La fugacité est effectivement l'un des thèmes majeur du film, puisque l'ambition première de Sirk (au-delà de toute considération sur la seconde guerre mondiale) était de faire un film sur la brièveté du bonheur. C'est cet aspect que tu trouves neuneu? Pourquoi pas, mais c'est aussi occulter ses autres thématiques. Et je trouve la fin tout de même particulièrement cruelle pour un film neuneu.
Vieux-Gontrand a écrit:
c'est le plus faible parmi ceux que j'ai vu (il a un sacré côté Ach la Guerre Gross Malheur... un peu démonstratif, d'autant que le traitement et la production sont particulièrement hollywoodiens... Wilder ou Rossellini ont un point de vue plus fort sur l'histoire récente et la manière dont la cinéma peut exprimer à la fois un complexe moral et un complexe national face à la guerre, sans réduire l'un à l'autre).
Je ne sais pas quels sont les autres films de Sirk que tu as vu, mais je te promets que si tu n'as pas aimé celui-là, tu trouveras bien pire. Les Ailes de l'espérance traitait déjà de la culpabilité en temps de guerre (en Corée), mais sa résolution est incommensurablement plus maladroite.

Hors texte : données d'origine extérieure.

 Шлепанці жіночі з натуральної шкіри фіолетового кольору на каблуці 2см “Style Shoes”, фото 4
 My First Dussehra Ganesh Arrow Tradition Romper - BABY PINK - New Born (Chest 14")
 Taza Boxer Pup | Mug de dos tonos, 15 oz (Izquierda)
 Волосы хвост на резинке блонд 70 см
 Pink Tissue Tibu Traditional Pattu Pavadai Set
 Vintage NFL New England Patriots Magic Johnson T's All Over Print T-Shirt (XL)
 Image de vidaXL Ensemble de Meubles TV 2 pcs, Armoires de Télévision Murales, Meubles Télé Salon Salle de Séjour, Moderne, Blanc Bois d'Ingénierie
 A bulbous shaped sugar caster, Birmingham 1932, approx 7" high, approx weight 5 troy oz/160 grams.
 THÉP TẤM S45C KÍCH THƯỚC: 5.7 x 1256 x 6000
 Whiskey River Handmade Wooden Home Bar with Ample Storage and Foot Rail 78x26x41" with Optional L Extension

Sinon Le temps d'aimer et le temps de mourir n'est pas du tout un film sur la guerre (elle n'est ici que la résultante de ce qui a précédé, et c'est bien les évènements antérieures à la guerre dont Sirk nous parle), qu'il se contente de décrire de manière factuelle sans aucun apitoiement (ce qui est logique vu qu'elle est vécue comme un châtiment divin donc forcément juste).
Vieux-Gontrand a écrit:
Klaus Kinski en SS se plaignait de faire des heures supplémentaires au camp de concentration.
Klaus Kinski n'a qu'une réplique dans le film, lorsque John Gavin vient récupérer les cendres du docteur Kruse il s'étonne sur le formulaire que la cause de la mort reportée soit une crise cardiaque, et Kinski de répondre "What else?". Tu confonds avec le SS qui met le feu au petit bucher sur le piano non?

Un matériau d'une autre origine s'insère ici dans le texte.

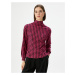 Koton Houndstooth Patterned Stand Collar Sweater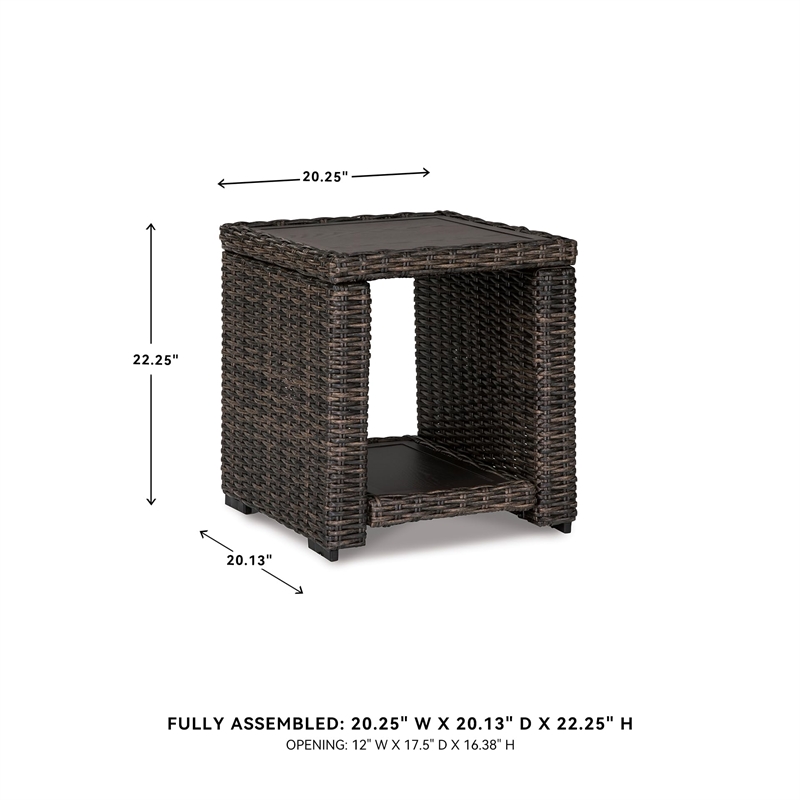 Bowery Hill Square Patio End Table in Brown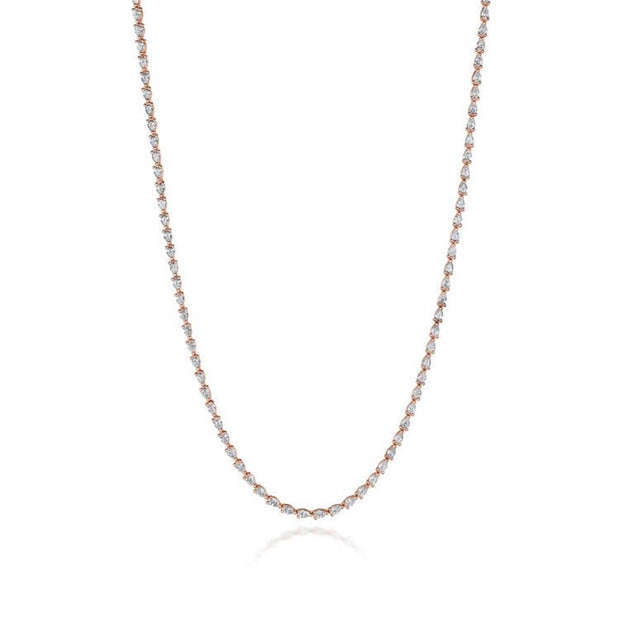 Pear Diamond Tennis Necklace in 18k Rose Gold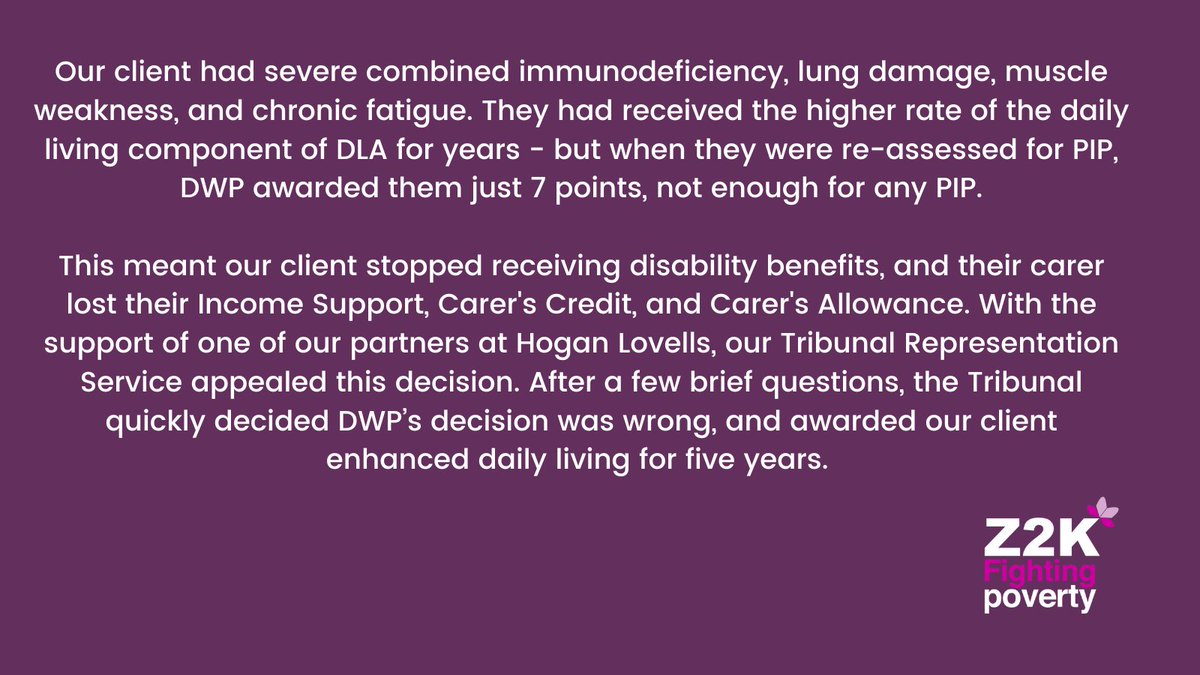 Z2K_trust's tweet photo. Our client’s recent Tribunal success after support by @HLGoodBusiness is just one reason we’re grateful to our partners this #ProBonoWeek. When so many bad decisions are made by DWP, access to free representation is even more vital for justice. #ProBonoWeek #PeopleBeforeProcess https://t.co/Lkkom59gnn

Bien plus qu'un film pacifiste (pour tout dire je n'ai pas du tout ressenti de pacifisme dans le film), c'est surtout un grand film sur les responsabilités personnelle et collective qui ont amenées aux horreurs nazis. Sirk pensait avoir perdu son fils sur le front russe en 44, et voulait à travers ce film rejouer les deux dernières semaines de sa vie, comme une manière de se faire pardonner ce qu'il avait vécu comme un abandon. Mais à cette culpabilité a dû s'y conjuguer une seconde, celle d'avoir également abandonné sa nation, alors sous le joug du parti national socialiste. S'il y a donc un peu de son fils dans Ernst Graeber, il y a certainement un peu de lui également. Lui qui, alors qu'il doit fusiller des supposés partisans russe au début du film, explique au jeune soldat qui se tourmente qu'il suffit de tourner la tête au moment de lâcher le coup pour accomplir sa tâche sans ciller. Le suicide du même jeune soldat qui s'ensuit ne déclenchant qu'incompréhension en lui, qui ne comprend pas les remords que l'on peut avoir à s'être simplement acquitté de son rôle (en pleine guerre sur le front russe, si ce n'est pas nous qui les tuons ce sera eux qui nous tueront). Et puis au fond il n'a rien à se reprocher, il n'est qu'un innocent soldat au service de sa patrie. Jusqu'à la révélation qui survient lorsqu'il s'entretient avec Polhmann/Remarque, où il prend conscience de sa propre responsabilité (justement parce qu'il n'a rien fait pour s'opposer à la montée en puissance des nazis, lui qui pensait être exempt de tous reproches parce qu'il ne les avait pas soutenu). Cette séquence est la vraie bascule du film, de gentil soldat en perm Graeber devient un traître à la patrie, parce que l'on ne peut pas seulement ne pas cautionner ce que l'on réprouve, on doit également s'y opposer activement. Il n'y a pas de place pour la neutralité. Lorsqu'à la fin du film la scène de fusillade doit se répéter, habité d'une nouvelle conscience, ce n'est plus le même ennemi que Graeber décide d'éliminer (d'une manière un peu grandiloquente il passe de l'ennemi de la nation à l'ennemi de l'humanité).